Slicing pictures (3) photo chop

In the article this week i describe how to do the slicing with Adobe Photoshop 6 using tips from the previous Adobe articles about Shift Control J , Saved Selections and the naming conventions.
No i did not sliced all the pictures of remote controls this way. The first pictures i even sliced on a less efficient way!
  • Load the Photoshop file with the picture ( see article 1 )
  • In the Photoshop file are already saved selections for the columns ( article 2)
  • Make for each Row (starting with the top row a separate layer using Shift Control J. Rename the layer to Dnn where nn is the Row number. At this moment the layer contains the picture data for the columns A B C and D for this row.
  • During this process hide the layers with the sliced parts.
  • When ready with creating all rows you can start slicing this rows:
  • Select and make visible the first row  ( D01 )
  • Use load selection A to load column A. Use Shift CTRL J Rename the new Layer to A01  
  • Use load selection B to load column C. Use Shift CTRL J Rename the new Layer to B01  
  • Use load selection C to load column C. Use Shift CTRL J Rename the new Layer to C01
  • The “original” first row already had the name D01 (This layer has column A, B and C now slices off from D)  
Do this on a similar way with all the rows.
If you need combinations of columns load the saved selection of the combination ( E.g.
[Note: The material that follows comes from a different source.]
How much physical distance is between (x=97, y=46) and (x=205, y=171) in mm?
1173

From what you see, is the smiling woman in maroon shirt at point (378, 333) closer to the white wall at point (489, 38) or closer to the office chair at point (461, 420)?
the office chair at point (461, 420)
AB or BC ) Rename the layer using the naming convention earlier explained, ( E..g A01B  or B07C )
If you have all the slices ready save the Photoshop *.psd file for backup.

The next step is saving each separate layer as separate picture file ( .jpg or .png ) with filename the layer name. Some versions of Adobe Photoshop and some other drawing programs have macro’s or special functions to do this in one step. Before separating and saving first re-size the complete picture to nice size to display it on the web.